Alternatively, Bin 46 is 86.77% complete and only has 16% contamination. We can see that 263 marker genes were present once only - this indicates that this is mostly one genome, with a bit of contamination mixed in. CheckM classified this MAG as belonging to order Rhodospirallales and subsequently used 63 genomes from this lineage to generate the marker sets. It has 40% strain heterogeneity so we can assume that some of the contamination comes from very similar strains being mixed together. This is a much better bin than Bin 5, even though it is ostensibly less complete.
Things to bear in mind
It is important to remember that the “completeness” metric relies on having well-characterised lineages present in CheckM’s database. If the MAG belongs to a poorly-characterised lineage, the results may not be accurate.

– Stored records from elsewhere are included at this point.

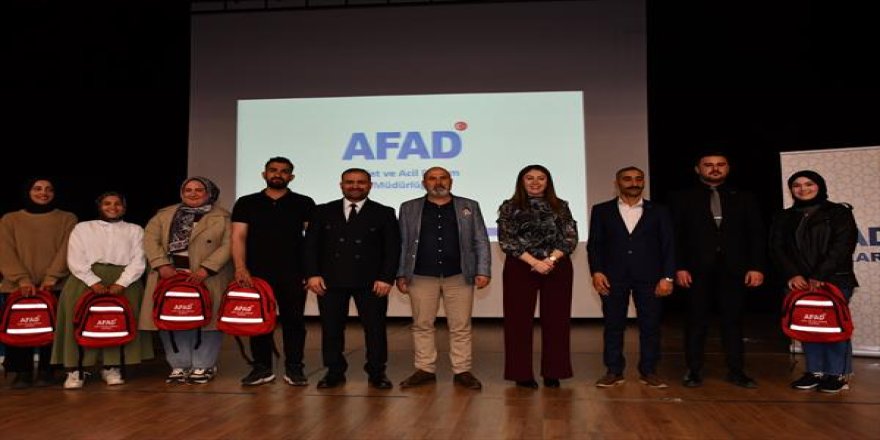 Kafkas Üniversitesinde "AFAD'ı Tanıyorum, Afetlere Hazırlanıyorum" Temalı Farkındalık Programı Düzenlendi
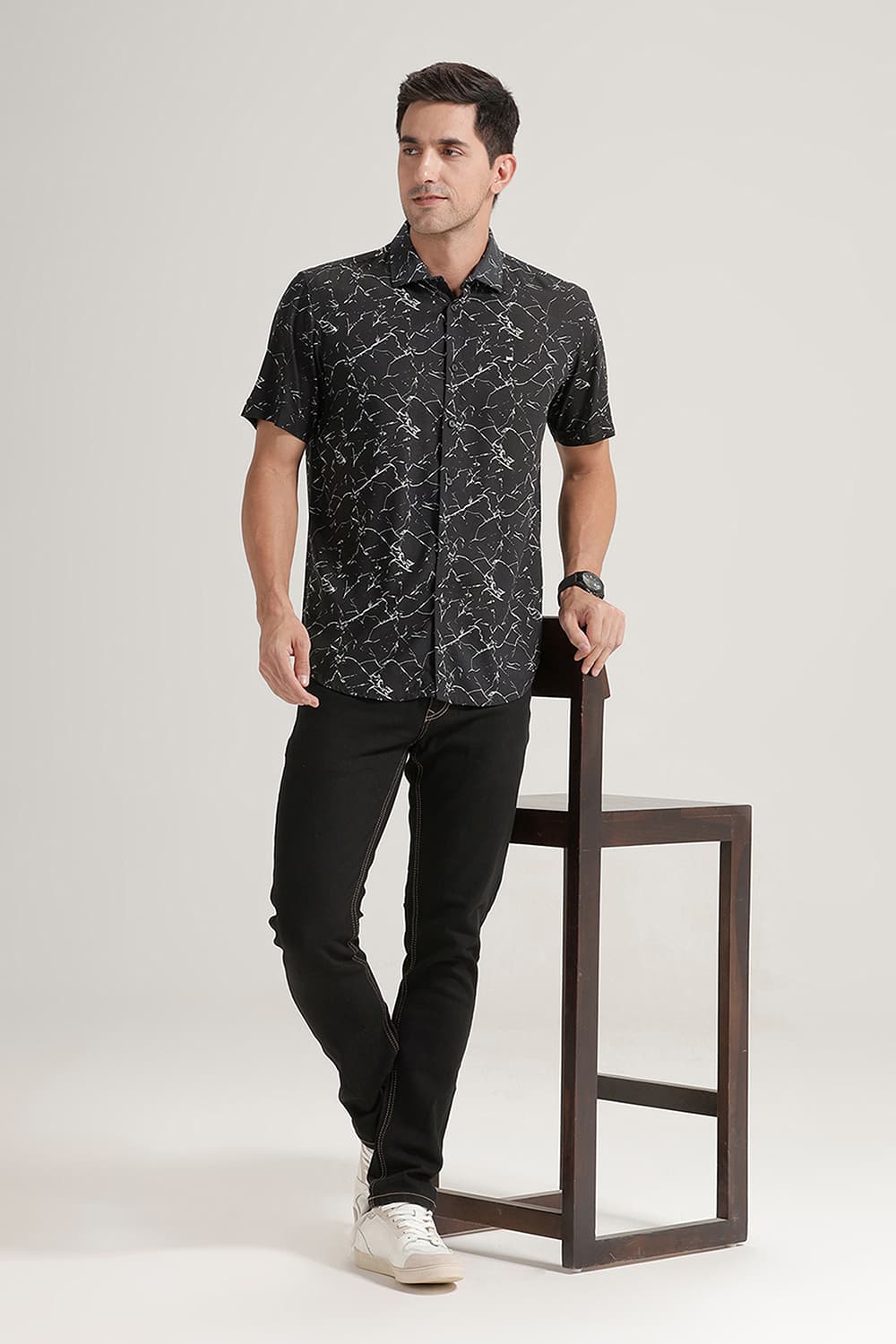 SLIM FIT VISCOSE PRINTED HALFSLEEVES SHIRT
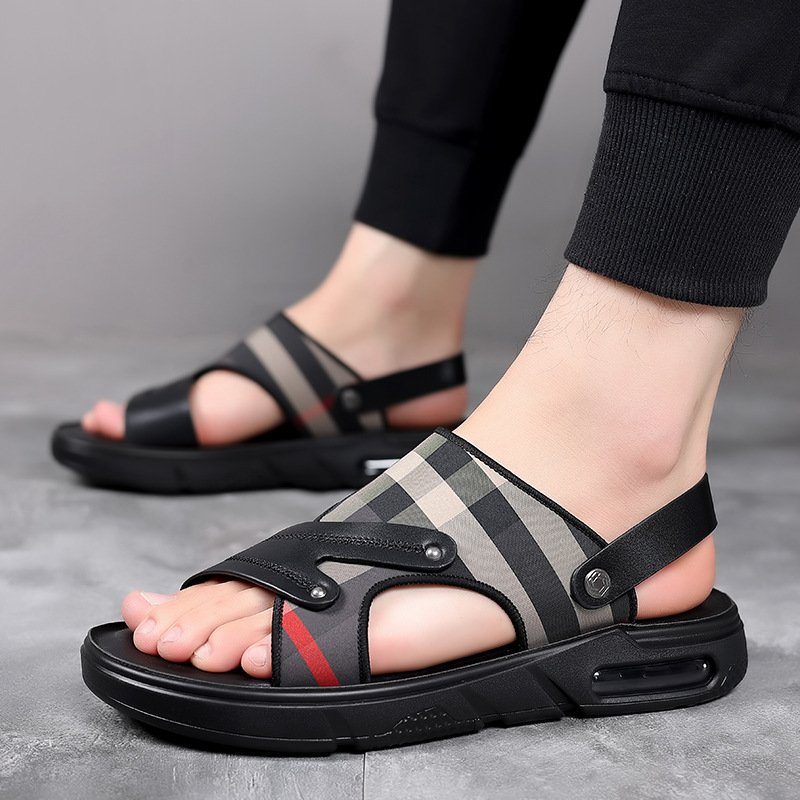 New Outdoor Summer Casual Trend Beach Shoes leather Sandals And Slipper Men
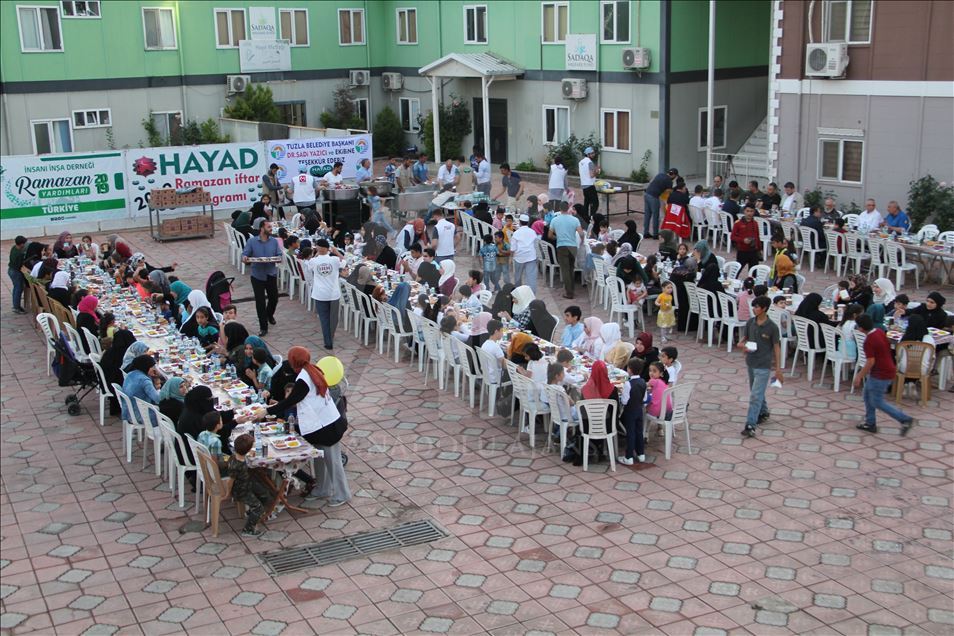 جمعية دولية تقيم مأدبة إفطار لأيتام سوريين في هطاي التركية

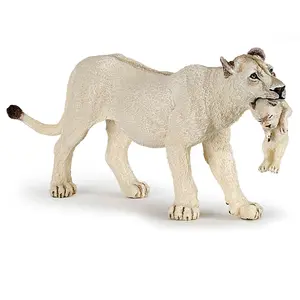 Papo - 50203 - Figurine - Animaux - Lionne Blanche avec Petit pas cher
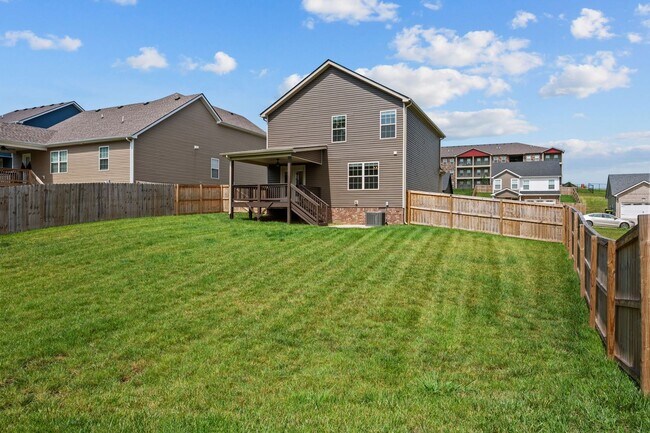 Building Photo - Beautiful Open-Concept Home with Covered Deck & Huge Backyard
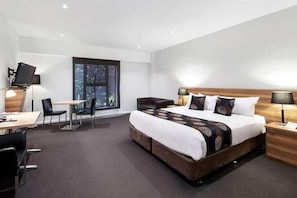 Executive Room, 1 King Bed | Minibar, in-room safe, desk, laptop workspace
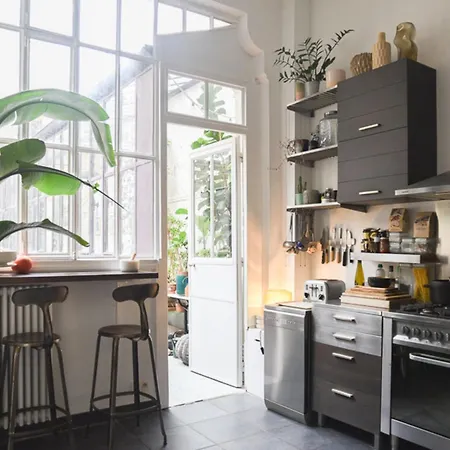 Spacious 141 M Family Nest In 10th District Paris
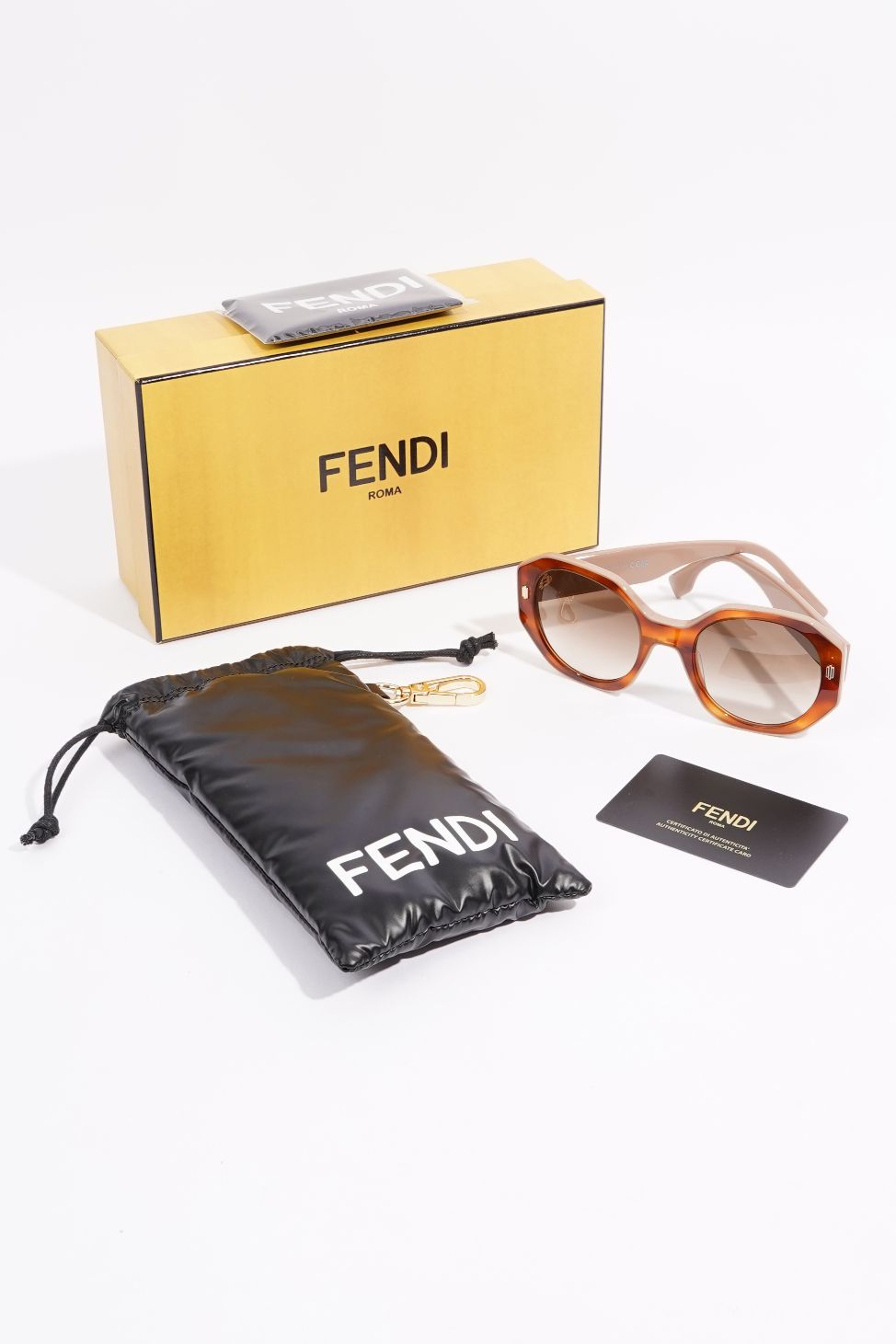 Fendi Womens Round Sunglasses Brown / Nude 145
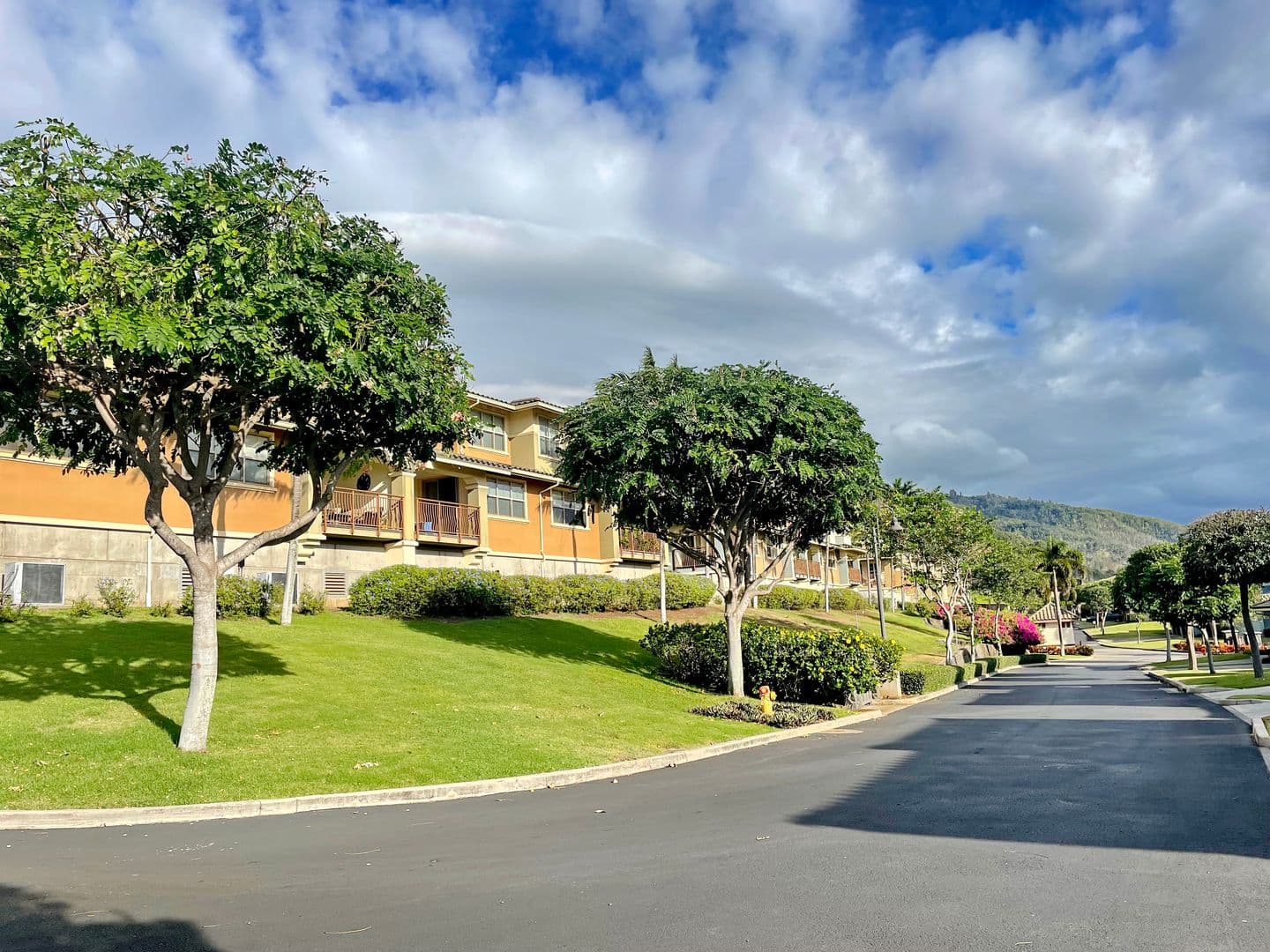Wailuku House: 49 Kokea Street Unit #1102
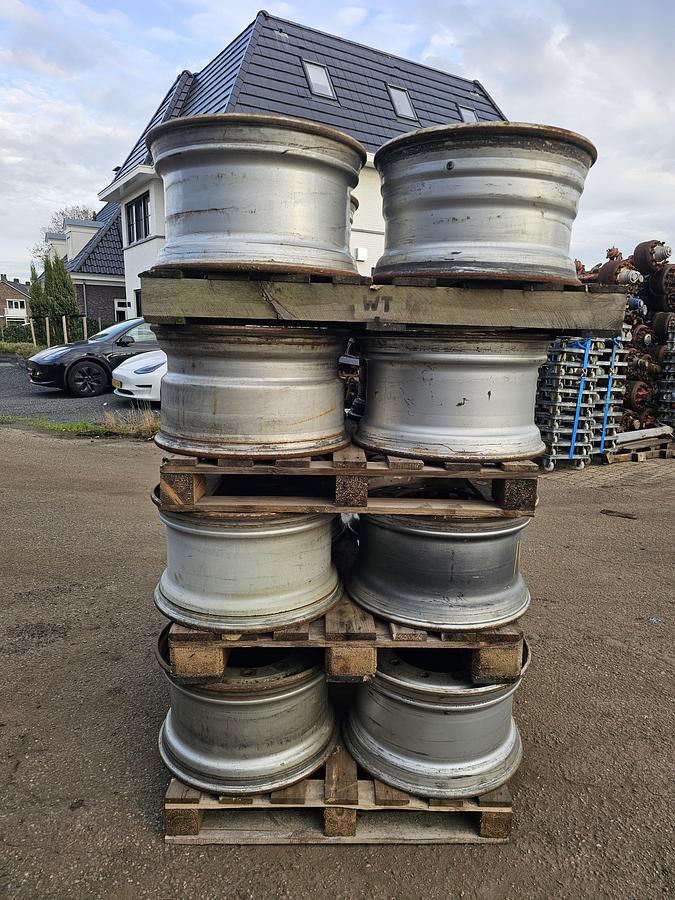 Gebruikt 2010 MICHELIN 11.75 X 22.5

You will find that none of our bins satisfy the requirements for a “high quality” bin. That’s okay! Binning is still quite an inexact science and while various tools exist to do the job of binning, all of them need to be taken with a pinch of salt.
So how can you make your bin outputs more reliable? There are ways of combining outputs from different binning tools which can help crosscheck results and refine your bins. You can also try using different parameters, or go back and tweak parameters in the assembly and polishing steps.
Once you have downloaded the MAGs_checkm.tsv
file, you can open it in Excel or another spreadsheet program. If you didn’t manage to download the file, or do not have an appropriate program to view it in you can see or download our example file here.
Looking at the results of our quality checks, which MAGs could be classified as medium quality? Use the table above to remind yourself of the quality requirements.
Bins 22, 45 and 50 all have completeness more than or equal to 50%, and contamination below 10%, meaning they can be classed as medium quality.
A much larger number of bins have completeness less than 50% and contamination below 10% (low quality). Notably, bin 56 is 48.9% complete with 7.7% contamination, meaning it comes very close to being classed as medium quality but technically should be considered low quality.
Your bins may have different names/numbers to these but you should still see similar results.